When I began my journey up to Seattle earlier this summer, a fairly young pie shop in Portland called Pacific Pie Co. gave me my first taste of the region’s local cuisine. Now, as I head back to California, it will give me my last.
A married couple named Chris and Sarah started this business in 2009 after they moved to Portland from Chris’ native Australia. After Chris began to miss the Aussie meat pies from his homeland, his wife started making them at home. The pies spread in popularity after they began selling them at local farmers’ markets, and in 2011, their current location on 7th Ave was opened.
This bakery is more spacious than I expected. I thought the inside would resemble little more than a simple hole-in-the-wall, but there’s plenty of seating inside if you feel like dining in.
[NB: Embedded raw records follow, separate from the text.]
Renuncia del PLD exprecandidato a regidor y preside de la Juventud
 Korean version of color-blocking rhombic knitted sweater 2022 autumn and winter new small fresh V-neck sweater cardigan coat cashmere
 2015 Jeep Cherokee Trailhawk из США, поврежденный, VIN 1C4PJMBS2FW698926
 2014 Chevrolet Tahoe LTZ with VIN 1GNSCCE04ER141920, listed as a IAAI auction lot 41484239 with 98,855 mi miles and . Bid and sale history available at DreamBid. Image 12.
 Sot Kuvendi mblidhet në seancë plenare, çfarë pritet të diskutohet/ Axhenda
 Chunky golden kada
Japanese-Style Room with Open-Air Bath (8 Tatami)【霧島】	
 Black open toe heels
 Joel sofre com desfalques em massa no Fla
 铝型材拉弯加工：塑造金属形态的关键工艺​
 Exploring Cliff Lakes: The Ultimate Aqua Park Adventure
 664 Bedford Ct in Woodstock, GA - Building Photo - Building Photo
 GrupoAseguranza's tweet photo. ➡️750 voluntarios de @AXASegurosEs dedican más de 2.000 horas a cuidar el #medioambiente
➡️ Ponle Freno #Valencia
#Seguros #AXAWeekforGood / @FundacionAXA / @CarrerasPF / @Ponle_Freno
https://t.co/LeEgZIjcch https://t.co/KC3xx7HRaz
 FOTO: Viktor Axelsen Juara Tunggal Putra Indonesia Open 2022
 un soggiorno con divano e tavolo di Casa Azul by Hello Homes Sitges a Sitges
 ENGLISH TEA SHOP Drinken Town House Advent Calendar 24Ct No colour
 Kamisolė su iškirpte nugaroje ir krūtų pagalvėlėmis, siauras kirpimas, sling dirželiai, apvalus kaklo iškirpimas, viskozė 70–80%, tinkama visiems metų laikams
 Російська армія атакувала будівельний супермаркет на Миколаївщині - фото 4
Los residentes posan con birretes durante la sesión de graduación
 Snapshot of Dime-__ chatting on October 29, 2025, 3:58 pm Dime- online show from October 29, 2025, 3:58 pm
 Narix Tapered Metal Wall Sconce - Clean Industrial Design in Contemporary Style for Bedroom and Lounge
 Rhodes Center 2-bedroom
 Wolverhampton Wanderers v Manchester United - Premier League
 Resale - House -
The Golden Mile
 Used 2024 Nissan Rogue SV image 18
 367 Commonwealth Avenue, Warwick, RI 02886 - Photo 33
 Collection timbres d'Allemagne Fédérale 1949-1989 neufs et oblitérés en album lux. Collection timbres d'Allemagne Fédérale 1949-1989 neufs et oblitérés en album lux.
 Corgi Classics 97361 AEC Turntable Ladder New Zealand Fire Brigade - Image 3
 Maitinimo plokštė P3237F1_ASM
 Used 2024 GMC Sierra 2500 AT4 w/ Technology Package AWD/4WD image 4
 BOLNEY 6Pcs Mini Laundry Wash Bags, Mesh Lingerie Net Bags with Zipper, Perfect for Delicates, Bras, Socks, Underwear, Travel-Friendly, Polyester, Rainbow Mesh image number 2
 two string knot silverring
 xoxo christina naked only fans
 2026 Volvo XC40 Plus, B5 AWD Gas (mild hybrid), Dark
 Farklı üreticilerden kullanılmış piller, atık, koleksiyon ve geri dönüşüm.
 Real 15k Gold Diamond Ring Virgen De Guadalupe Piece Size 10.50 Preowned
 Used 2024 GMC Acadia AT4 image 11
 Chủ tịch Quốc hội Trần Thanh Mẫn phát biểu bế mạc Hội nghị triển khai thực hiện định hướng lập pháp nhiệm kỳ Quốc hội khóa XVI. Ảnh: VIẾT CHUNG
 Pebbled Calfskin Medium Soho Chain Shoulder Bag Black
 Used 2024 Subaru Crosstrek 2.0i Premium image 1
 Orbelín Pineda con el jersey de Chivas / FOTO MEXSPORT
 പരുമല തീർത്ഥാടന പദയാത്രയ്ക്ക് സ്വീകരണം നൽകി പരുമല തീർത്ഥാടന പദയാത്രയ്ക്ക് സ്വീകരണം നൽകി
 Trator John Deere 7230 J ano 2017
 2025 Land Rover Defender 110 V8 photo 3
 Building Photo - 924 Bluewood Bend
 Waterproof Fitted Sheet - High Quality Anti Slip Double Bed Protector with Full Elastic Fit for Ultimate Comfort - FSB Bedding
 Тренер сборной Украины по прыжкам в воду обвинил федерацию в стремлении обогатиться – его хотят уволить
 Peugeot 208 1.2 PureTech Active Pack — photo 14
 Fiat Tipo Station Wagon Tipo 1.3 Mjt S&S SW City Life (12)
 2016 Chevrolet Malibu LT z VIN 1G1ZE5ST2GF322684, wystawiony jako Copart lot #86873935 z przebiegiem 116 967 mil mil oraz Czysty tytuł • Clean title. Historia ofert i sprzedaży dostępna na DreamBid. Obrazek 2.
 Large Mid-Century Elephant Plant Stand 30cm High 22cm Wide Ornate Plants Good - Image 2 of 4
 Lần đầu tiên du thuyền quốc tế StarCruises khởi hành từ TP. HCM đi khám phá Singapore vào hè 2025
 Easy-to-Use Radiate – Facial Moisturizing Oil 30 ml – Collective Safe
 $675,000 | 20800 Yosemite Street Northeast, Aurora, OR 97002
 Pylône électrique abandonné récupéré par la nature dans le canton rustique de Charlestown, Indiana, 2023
I ordered what sounded like the best thing on the menu: a Classic Beef pie. Pacific Pie Co. blends locally-sourced grass-fed beef with an onion gravy. The beef is minced quite finely, so don’t expect very chunky, heavy filling like you’d find in, say, a shepherd’s pie. The filling as a whole is quite saucy, but is still thick and rich enough that it isn’t spilling out when you slice open the pie:
You may also notice how flexible the pie crust is. The crust is soft and flaky, but hefty enough that it doesn’t fall apart if you decide to eat the whole pie by hand, which is what I suggest doing. Why? Because it’s delicious, fun, and a bit silly. After all, who the hell eats an entire pot pie like a slice of toast?
From now on, you will.
*Ahem* anyways, the crust certainly isn’t as dense as the crusts on those frozen Marie Callender’s chicken pot pies you can find at your local Costco. The soft crust works well with the saucy filling, because both just seem to easily melt and blend together inside your mouth.
There are other flavors, such as Beef and Mushroom, Beef and Stout, Creamy Chicken, and Sunday Roast Lamb. Beef and Mushroom is basically Classic Beef with organic crimini mushrooms added in, and as a result tastes just as good, if not better.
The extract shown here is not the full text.